Tame Impala’s Kevin Parker has time on his mind. His new album “The Slow Rush” could not be more aptly named, as it kept fans waiting for five years since the release of “Currents.” The album is strongly cohesive; as a whole, its parts work together in harmony to guide listeners through Parker’s analysis of time and how to spend it.
“The Slow Rush” may not be what longtime fans expected or hoped for, but it is bold, confident and honest. Parker’s view of the world has wandered away from longing on the world around him to focusing on the time he has to enjoy his newfound, happy life. His concern with the future enjoyment of his life and how quickly it could erode are evident throughout the 12 tracks of this album, but the monumental difference is that he sounds more hopeful than ever before.
The album opens with the track “One More Year,” which features Parker singing in a deep and warped voice. The loop switches between left and right outputs to produce a trippy listening experience. His fear of routine and monotony is inflicted on the listener when he sings “We’re on a rollercoaster stuck on its loop-de-loop / ‘Cause what we did, one day, on a whim / Has slowly become all we do.” The track has a dreamy quality, and the warped voice and adjoining bass persist throughout the song, which ends the way it started and creates a full circle.
The album peaks on “Posthumous Forgiveness,” arguably the most important song on this album and one of Parker’s masterpieces. The song is marked by a shift both lyrically and rhythmically; the track morphs from anger at his father to lament that Parker can’t hear his father’s voice sing along or see Parker’s success. Parker articulates his complicated and painful emotions in easy rhymes bolstered by the music. “Posthumous Forgiveness” is so raw, so human and so open it can only be met with admiration for its creation.
“Tomorrow’s Dust” lies in the middle of the album, and it is one of the songs that will become a fan favorite over time, due in large part to the similar notes it hits on from his past discography. The song builds up from bare beats and a gentle guitar riff to Parker crooning over it, and it slowly flows into a full Tame Impala track with his signature synths. “Tomorrow’s Dust” remains soft even with the laser sounds, and its soothing quality relates to its lyrics. “There’s no use trying to relate to that old song / And no use biding your time if the bell is tolled” is a warning not to wait for events that have already passed, and to not hold onto things that are no longer relevant. The focus is forward — tomorrow has already become today, an especially powerful message.

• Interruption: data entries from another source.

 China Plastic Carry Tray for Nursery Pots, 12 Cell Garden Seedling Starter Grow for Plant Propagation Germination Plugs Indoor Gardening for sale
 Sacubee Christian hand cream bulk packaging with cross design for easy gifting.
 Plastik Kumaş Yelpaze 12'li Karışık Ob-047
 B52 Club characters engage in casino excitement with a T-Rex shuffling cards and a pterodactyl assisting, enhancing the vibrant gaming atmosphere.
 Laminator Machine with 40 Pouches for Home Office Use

Listeners are anchored down from the flightiness of “Tomorrow’s Dust” with the heavy piano intro to “On Track,” a song in which Parker accepts that reaching his goals will not be a linear path. The sparkly electronic sounds over the bridge are ethereal and soothing, and Parker’s contentedness is captured in the lyrics: “I keep getting older, the rest gets easy.” Smooth and airy, this song should not be overlooked in an album full of bold artistic decisions and messaging.
“Lost in Yesterday” subverts the future focus of “Tomorrow’s Dust” to warn of the dangers of being caught up in memories. The synth goes in and out; the pre-chorus is simple and beautiful, and the overall sense of the song is a bit melancholic despite its upbeat melody, an interesting artistic dichotomy that Parker hits on with flying colors. Parker notes that not all memories need to be recalled, and in “Lost in Yesterday,” the only sadness is in letting go of things once held dear. To embrace that time will keep on moving and to live in the present is how one may avoid getting “Lost in Yesterday.”

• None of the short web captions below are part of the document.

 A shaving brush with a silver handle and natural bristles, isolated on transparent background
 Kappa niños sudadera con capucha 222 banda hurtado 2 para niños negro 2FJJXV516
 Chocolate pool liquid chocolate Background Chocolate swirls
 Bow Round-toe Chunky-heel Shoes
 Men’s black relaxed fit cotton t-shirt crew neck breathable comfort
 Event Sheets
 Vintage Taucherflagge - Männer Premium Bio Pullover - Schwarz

The end of the album culminates in “One More Hour,” which creates a sense of continuity with the title of the first track, “One More Year.” The track is airy but grounded by powerful guitar riffs that provide an epic feel to Parker’s soft words. He sings that he never did any of his music for money, fame or her until now, so he has grown into his responsibilities and is hopeful for a happy future. Parker wants to retain his independence; he “wants to be the man I am” and “spend some time alone.” The instrumentals in this song are endearing and dreamy and promise nothing but Parker’s best effort. Soft yet confident, the final track of “The Slow Rush” lets the mind of the listener ride off into the metaphorical sunset.
Overall, “The Slow Rush” certainly has a stronger pop, electronic and funk influence than its predecessors. The sound of the album is not like his others, but Parker is not the sort of artist to repeat himself; the point of his music is to explore genres through his personal growth. Still, the signature elements of Parker’s style — beats, laser synths and his voice — are all there. The theme of time seems apt given his recent marriage, and his contentment is a happy development to hear. The listener can only hope that Parker can ride this high forever.